Absente à l’audience, la prévenue n’en a pas moins été fixée sur son sort. La juridiction, retenant son statut de primo-délinquante comme circonstance atténuante, lui a épargné l’incarcération. Pour autant, sa culpabilité est actée.
Ainsi, le 17 février dernier, le tribunal de Libreville a condamné Me Inès Leslie Mouyaga, notaire de profession, à six mois d’emprisonnement avec sursis et au paiement de 13 millions de francs CFA de dommages et intérêts. Ce jugement clôt, en première instance, une affaire d’escroquerie présumée et d’abus de confiance liée à une transaction immobilière remontant à 2023.
Les faits jugés trouvent leur origine dans une opération foncière portant sur un terrain situé à Libreville. Selon les éléments examinés par le tribunal, la prévenue, avec la complicité présumée de deux collaborateurs, aurait rassuré un acquéreur en affirmant que le bien était libre de tout nantissement ou engagement. Or, le propriétaire du titre foncier n’aurait pas été informé de la transaction.
L’accusation a également mis en avant l’encaissement de fonds en espèces en dehors de la comptabilité officielle de l’étude notariale. Des irrégularités considérées comme suffisamment graves pour caractériser des manquements aux obligations de probité et de transparence qui incombent à un officier public ministériel.

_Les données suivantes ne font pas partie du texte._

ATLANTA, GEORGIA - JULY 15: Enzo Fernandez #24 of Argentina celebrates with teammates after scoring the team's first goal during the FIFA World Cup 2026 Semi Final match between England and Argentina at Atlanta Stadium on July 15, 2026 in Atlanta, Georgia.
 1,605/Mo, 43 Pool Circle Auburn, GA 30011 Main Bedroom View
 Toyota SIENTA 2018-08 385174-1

Le dénouement intervient dans un contexte institutionnel particulier. En décembre 2025, le Conseil supérieur de la magistrature a tenu une session exceptionnelle ayant conduit à plusieurs promotions et réaffectations de magistrats. Pour certains observateurs, ces ajustements traduisaient une volonté d’assainissement et de fermeté accrue dans le traitement des dossiers sensibles.
Une source proche du dossier affirme que la procédure ouverte en 2023 aurait connu des lenteurs, sans confirmation officielle à ce stade.
Au-delà du cas individuel, la décision alimente le débat sur l’indépendance et la crédibilité de la justice gabonaise. Certains y voient un signal fort sous l’impulsion du président Oligui Nguema ; d’autres estiment qu’un jugement isolé ne saurait, à lui seul, consacrer un tournant durable.